- Born: July 7, 1887 Philadelphia
- Died: February 28, 1973 (aged 85) Coral Gables, Florida
- Occupation: Ferrous metallurgist

= Francis B. Foley =

American ferrous metallurgist

Francis B. Foley (July 7, 1887 – February 1973), was an American ferrous metallurgist.

==Biography==

Foley was born July 7, 1887, in Philadelphia. His father, Dennis Foley, died in 1889 in Dakota Territory, leaving a wife, daughter, and three sons (one posthumous). Francis was enrolled in Girard College, a free boarding school, at that time limited to fatherless white boys, from which he graduated in 1904, after completing a high school education. He worked for a year in the art department of the Philadelphia North American, a daily morning newspaper.

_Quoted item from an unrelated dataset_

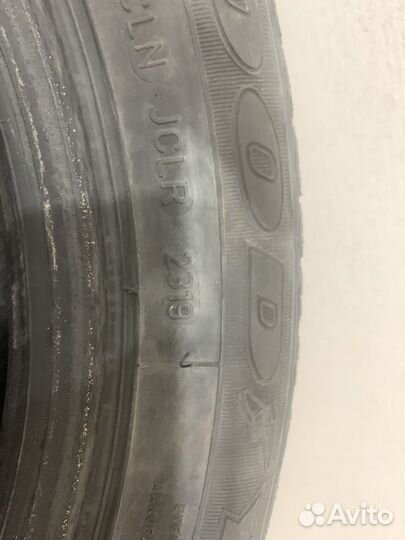 Goodyear UltraGrip Ice+ 195/55 R15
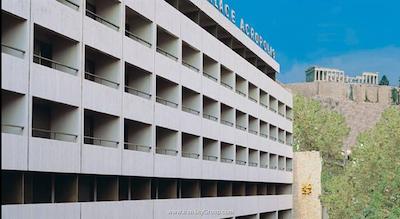 دیوانی پالاس آکروپلیس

In 1907, after working at other jobs, he was employed by the Midvale Steel Company of the Nicetown neighborhood of Philadelphia, from which his father had been laid off 21 years earlier. His first job was open hearth clerk for a melter. Foley was recognized as unusually capable by the head of the melting department, Radclyffe Furness, a Harvard-educated chemist, and educated himself in metallurgy and crystallography with Furness's encouragement. In 1912 he contracted tuberculosis, and spent two years in New Mexico and Arizona, where he was cured. In 1915 he married Anne Marie Flaherty, who bore a son, Gerard M. Foley, the following year.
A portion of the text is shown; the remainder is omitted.